The MU string and the impossibility of its derivation is then analogous to a statement of mathematical logic which cannot be proven or disproven by the formal system.

It also demonstrates the contrast between interpretation on the "syntactic" level of symbols and on the "semantic" level of meanings. On the syntactic level, there is no knowledge of the MU puzzle's insolubility. The system does not refer to anything: it is simply a game involving meaningless strings. Working within the system, an algorithm could successively generate every valid string of symbols in an attempt to generate MU, and though it would never succeed, it would search forever, never deducing that the quest was futile. For a human player however, after a number of attempts, one soon begins to suspect that the puzzle may be impossible. One then "jumps out of the system" and starts to reason about the system, rather than working within it. Eventually, one realises that the system is in some way about divisibility by three. This is the "semantic" level of the system — a level of meaning that the system naturally attains. On this level, the MU puzzle can be seen to be impossible.

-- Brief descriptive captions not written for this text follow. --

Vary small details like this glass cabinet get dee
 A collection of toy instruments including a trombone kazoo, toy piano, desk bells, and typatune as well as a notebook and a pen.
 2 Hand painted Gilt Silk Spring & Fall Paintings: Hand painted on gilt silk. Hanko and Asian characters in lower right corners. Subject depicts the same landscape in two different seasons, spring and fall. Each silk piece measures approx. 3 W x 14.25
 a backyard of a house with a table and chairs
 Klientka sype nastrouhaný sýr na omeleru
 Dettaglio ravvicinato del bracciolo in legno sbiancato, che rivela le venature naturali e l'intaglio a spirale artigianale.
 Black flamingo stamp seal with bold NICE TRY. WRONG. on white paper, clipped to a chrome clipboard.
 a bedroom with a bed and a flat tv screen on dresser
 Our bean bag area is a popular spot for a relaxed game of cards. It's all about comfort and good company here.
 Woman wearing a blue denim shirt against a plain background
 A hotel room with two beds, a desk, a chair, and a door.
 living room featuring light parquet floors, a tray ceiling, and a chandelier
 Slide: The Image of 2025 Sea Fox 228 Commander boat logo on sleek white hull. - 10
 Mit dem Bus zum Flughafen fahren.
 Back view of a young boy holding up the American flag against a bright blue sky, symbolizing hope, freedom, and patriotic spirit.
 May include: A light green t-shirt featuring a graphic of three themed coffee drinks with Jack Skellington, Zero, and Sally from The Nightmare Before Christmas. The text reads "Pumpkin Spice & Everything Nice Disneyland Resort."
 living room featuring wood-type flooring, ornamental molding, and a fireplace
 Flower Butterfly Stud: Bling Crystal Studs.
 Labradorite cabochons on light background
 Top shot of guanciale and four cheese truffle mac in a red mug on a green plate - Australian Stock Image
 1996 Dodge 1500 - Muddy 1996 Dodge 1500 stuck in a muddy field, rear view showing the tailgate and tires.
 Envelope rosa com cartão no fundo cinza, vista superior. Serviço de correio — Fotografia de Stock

The inability of the MIU system to express or deduce facts about itself, such as the inability to derive MU, is a consequence of its simplicity. However, more complex formal systems, such as systems of mathematical logic, may possess this ability. This is the key idea behind Godel's Incompleteness Theorem.

Pedagogical uses

In her textbook, Discrete Mathematics with Applications, Susanna S. Epp uses the MU puzzle to introduce the concept of recursive definitions, and begins the relevant chapter with a quote from GEB.